Saturday, May 3, 2014

Refusing to pay Anglo-Leasing will keep investors away from Kenya

Warship KNS Jasiri  left Ribadeo port in Spain a few days ago and is expected to dock in Mombasa on August 27, 2012.

CORRESPONDENT | NATION Besides the ship, Jasiri, which docked in Mombasa in December 2012, it has not been possible to deliver the other equipment due to excessive political noise and negative publicity around the Anglo-Leasing contracts.   Nation Media Group


Oxygen is always in short supply in Kenya, what with the spiralling population and rising pollution.
When investors come to Kenya against their better judgment in an attempt to increase the quality of air by doing business with the government, they don’t expect to be frustrated.
Were Jubilee and Cord MPs as well as the legal fraternity and civil society aware of this, they would not give the Treasury a hard time over payment of billions for the supply of air.

More than 10 years ago, Anglo-Leasing and Finance Company arranged for Kenya to obtain loans to buy numerous pieces of security equipment including a ship, very small aperture terminal (VSAT) to connect all post offices, a radio communication system for the post office and the Administration Police, a forensic laboratory, a passport issuance system among others.

Not a single shilling was received by Kenya in loans,  and, according to the Controller and Auditor General, “[i]n practically all the supply/credit agreements, the government was in effect funding the financiers/suppliers to finance the procurement of goods and services due under the contracts while also paying interest and other financing costs to the same financiers/ suppliers”.
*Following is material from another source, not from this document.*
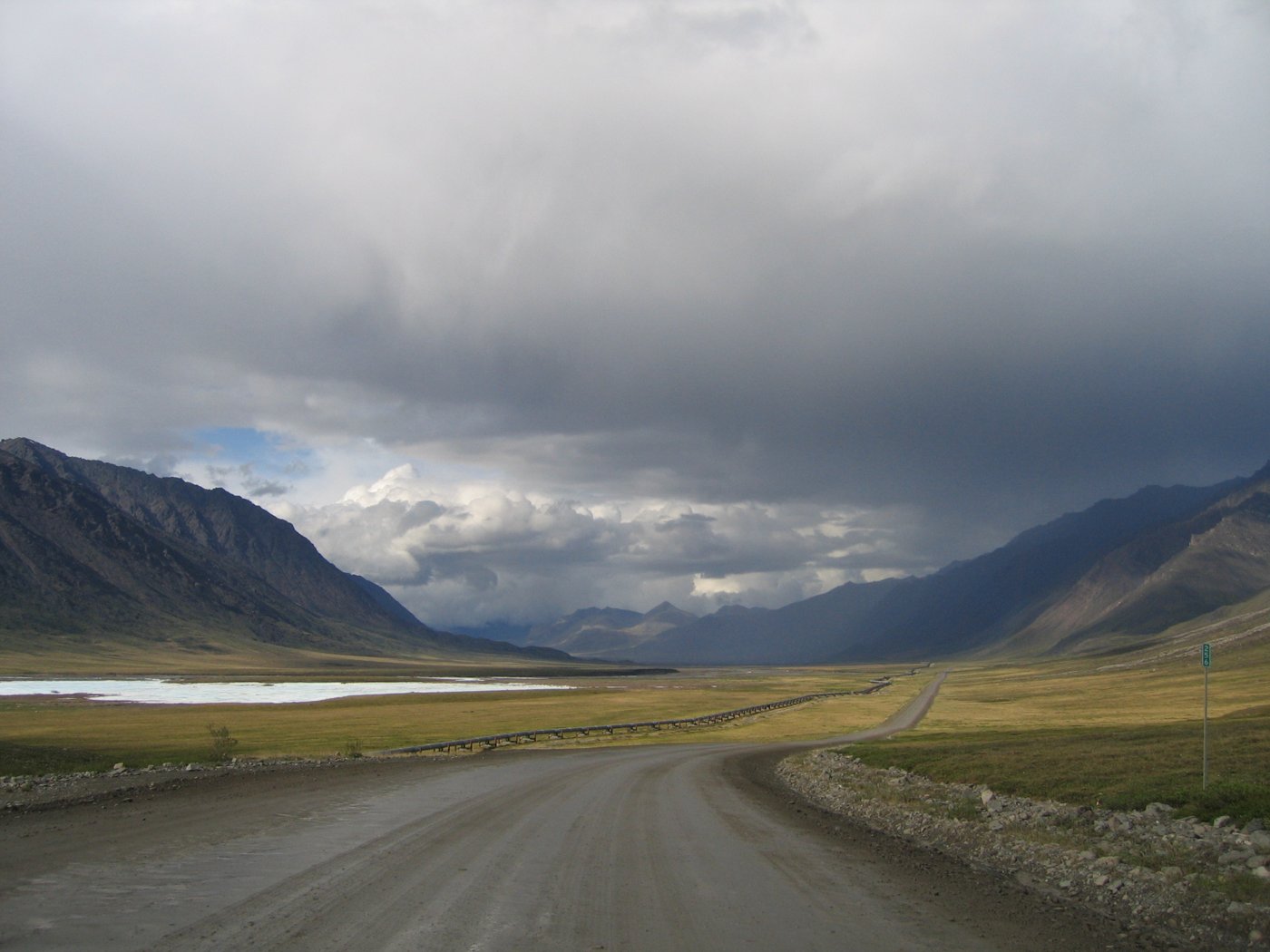 The gravel James Dalton Highway running north across the Alaska landscape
Besides the ship, Jasiri, which docked in Mombasa in December 2012, it has not been possible to deliver the other equipment due to excessive political noise and negative publicity around the Anglo-Leasing contracts.
Creating the impression of giving the government a loan is not easy and it must be paid for at a premium, quietly and quickly.

"OWNERS REMAIN UNKNOWN"
This is not unusual. Next year, the government will close the account for the loan to set up a fertiliser factory in Changamwe, after paying Sh5.1 billion to Ken-Ren Fertiliser Company, for a Sh50 million factory 30 years ago. The factory is in the imagination, but the money continues to be paid without anyone raising a stink about the faces behind it.

Similarly, when the government was setting up the mobile telephone giant, Safaricom, in 2001, it needed the technical advice of Mobitelea Ventures and agreed to give the company 10 per cent of shareholding in Safaricom. Its owners remain unknown, but only two years after Safaricom was listed on the NSE, Mobitelea sold its shareholding for Sh6 billion, having ventilated the market with clean air, and quietly departed without anyone attempting to unmask its owners.

In 2007, when the government was desperate to sell Telkom Kenya, it again obtained expert market advice from Alcazar Capital of Dubai to ensnare France Telecom to buy into the company. Alcazar was rewarded with 11 per cent shareholding, and should make a clean shilling for supplying air in a stuffy market when Telkom is sold off. No one has demanded to know the owners of Alcazar or what it provided to own 11 per cent of the company.

The newest round of demands to reveal names, firms and faces behind Anglo-Leasing-type contracts after they obtained court orders in Geneva and London for payment for supply of air can discourage investors from venturing into Kenya. Investors like to be guaranteed a certain level of anonymity when trading in an African country.

In the present case, Kenya should be embarrassed that for all its billing as a scandal, money was never lost in any of the Anglo-Leasing deals.
It cannot be right that Anglo-Leasing be maligned for so long without paying out any money. That is why Kenya’s lawyers refused to defend the claim for money in the London and Geneva courts.